Si può dire, inoltre, che il sito web sviluppato ad hoc, nonostante risulti moralmente del progettista o dell’ideatore, in termini di diritto patrimoniale appartenga a “chi ha pagato per la sua realizzazione” ovvero al committente. A tal riguardo, la Suprema Corte di Cassazione ha precisato che, in caso di rapporto di committenza, il committente acquista, a titolo originario i diritti di utilizzazione economica dell’opera (Cass. Civ. Sez. I, 14/06/2016 n. 13171).
Tuttavia, il contratto potrebbe prevedere eccezioni al principio generale (più favorevoli alla Web Agency). Il diritto di committente/sviluppatore concerne solo “quanto sviluppato” poiché risulta chiaro che quanto fosse ascrivibile al CMS, senza apporto creativo, non potrà essere considerato come creazione del web designer e, quindi, di proprietà del committente.
Per quanto attiene il rapporto con i terzi, si noti che il diritto d’autore è soggetto al principio della tutela automatica nel senso che il diritto esiste dal momento in cui l’opera viene creata, passo passo con il suo sviluppo. Tale diritto, prevede che nessuno possa copiarla o modificarla senza l’autorizzazione dell’autore. In caso di violazione sarà quindi possibile agire nei confronti dei terzi sulla base di tale diritto.
Precisiamo che l’unica sentenza a trattare apertamente la tematica esposta nel presente articolo risale al 1998, quando il Tribunale di Bari stabilì che il sito web è un’opera creativa quando le modalità di accesso, il tipo di informazioni e i modi di consultazione sono originali e frutto di un’attività intellettuale di tipo creativo.
Tale decisione è stata frutto di un’interpretazione estensiva dell’art. 2 della Legge 633/1941 che si limita a fornire un elenco esemplificativo, ma non esaustivo, delle opere tutelabili dal diritto d’autore.
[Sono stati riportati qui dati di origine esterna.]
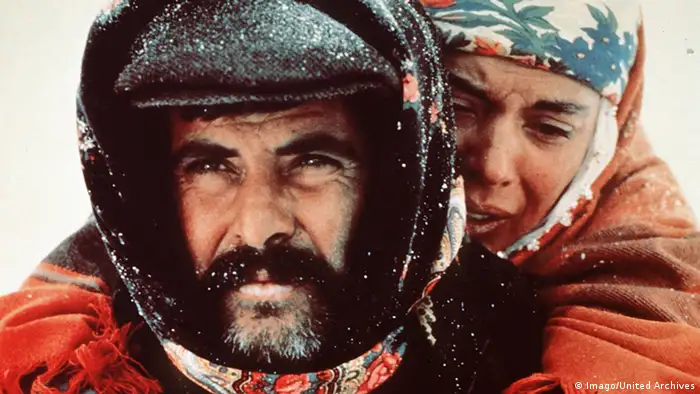 Szene aus Yol - Der Weg mit Tarik Akan Yol, Darsteller, der eine Frau Huckepack auf dem Rücken trägt, Schneeszene (Foto: Imago/United Archives)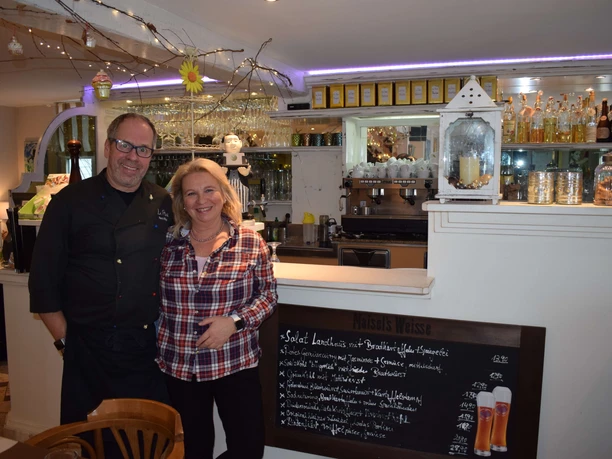 Inhaber des Restaurants La Pieve in Mettmann Ein lächelndes Paar steht in einem gemütlichen Restaurant vor einer Tafel mit Menüangeboten.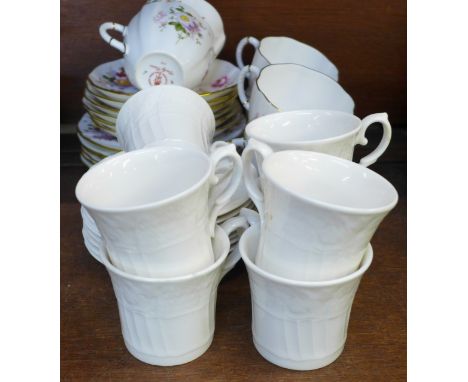 Six Royal Crown Derby Derby Posies cups and saucers and a Royal Doulton St. Moritz part coffee set 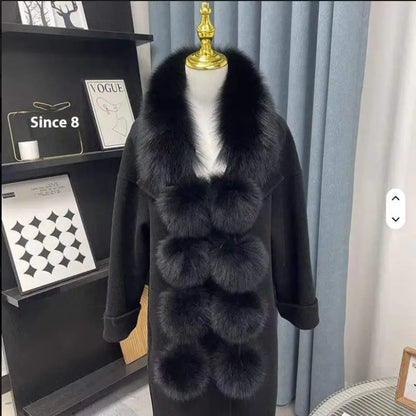 Black faux fox fur scarf with plush pom-poms on a black coat, worn on a mannequin.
La sentenza di cui sopra risale, tuttavia, a un’epoca in cui i siti web venivano costruiti in maniera totalmente diversa rispetto a quella di oggi, ed erano perlopiù siti vetrina, con poche informazioni presenti. A seguito di tale sentenza, nessuna Corte si è più espressa su questa tematica, né la legislazione ha subito modifiche volte ad attribuire un ruolo al sito web all’interno del panorama del diritto d’autore.
Ci sembra tuttavia il caso di sottolineare che la maggior parte dei casi di contenzioso concernenti il sito web passi dalla concorrenza sleale.
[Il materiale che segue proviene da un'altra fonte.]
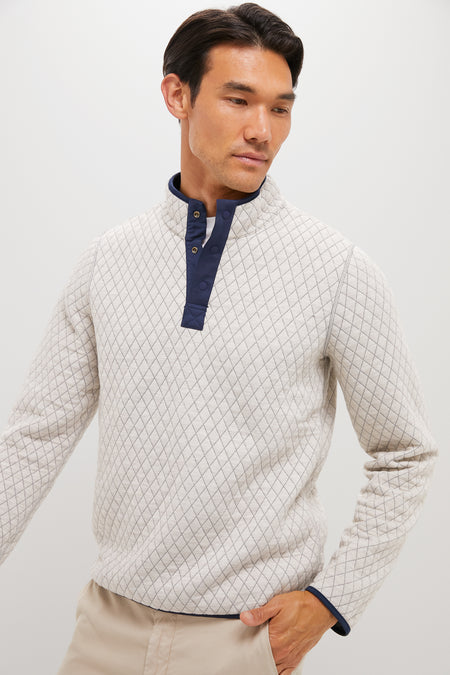 A man stands against a plain background wearing a Marine Layer light-colored quilted pullover with a navy buttoned collar and light beige pants.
Il sito web può essere tutelato anche ai sensi e per gli effetti della normativa sulla concorrenza sleale (art. 2598 c.c.). L’imitazione sistematica di forme particolari e originali proposte all’interno di un sito, quali layout, contenuti e prodotti pubblicizzati o venduti, potrebbe risultare idonea a ingenerare confusione presso il consumatore, ad appropriarsi dei pregi e, quindi, della reputazione positiva di un concorrente.
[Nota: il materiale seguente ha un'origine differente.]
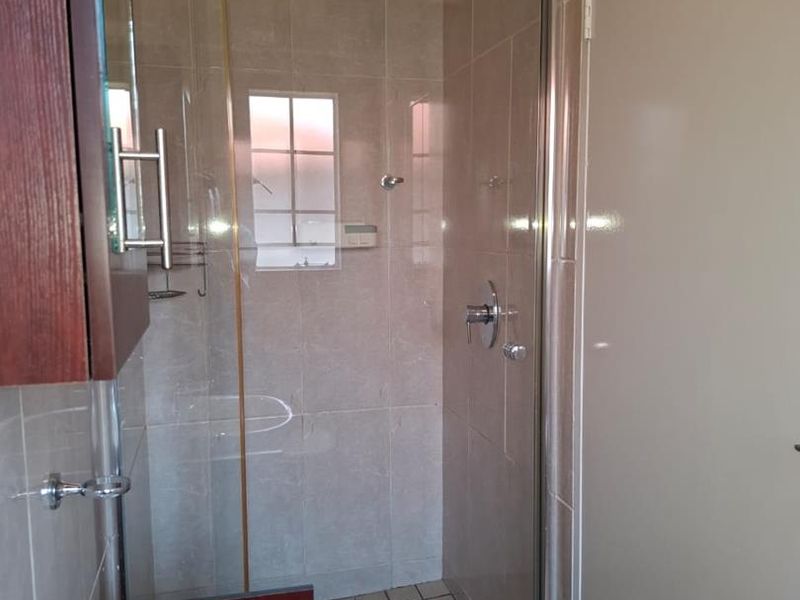 A functional bathroom featuring a glass-enclosed shower with tiled walls and a modern vanity basin.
Infatti, l’art. 102 della Legge 633/1941 dispone che: “È vietata come atto di concorrenza sleale, la riproduzione o imitazione sopra altre opere della medesima specie, delle testate, degli emblemi, dei fregi, delle disposizioni di segni o caratteri di stampa e di ogni altra particolarità di forma o di colore nell’aspetto esterno dell’opera dell’ingegno, quando detta riproduzione o imitazione sia atta a creare confusione di opera o di autore”.
Viene inoltre definito parassitismo sincronico lo sfruttamento del lavoro altrui attraverso un comportamento globale o un insieme di atti posti in essere contemporaneamente e una sola volta. Copiare siti web di terzi configura, il più delle volte, tale illecito.
Nonostante la valutazione della concorrenza sleale, ovvero l’attraversamento improprio della linea che divide ciò che è corretto da ciò che non lo è, sia una valutazione possibile solo a posteriori, giova considerare quanto segue.
La registrazione del design di un sito web come disegno multiplo (ad esempio, delle interfacce grafiche) consente di stabilire, in modo preciso, cosa si desidera proteggere della struttura del proprio sito. L’investimento sostenuto con la registrazione, di prassi, segue la progettazione del sito web, consentendo al titolare di contestare, sulla base della registrazione, la copia pedissequa del proprio sito, richiedendo l’inibitoria all’utilizzo.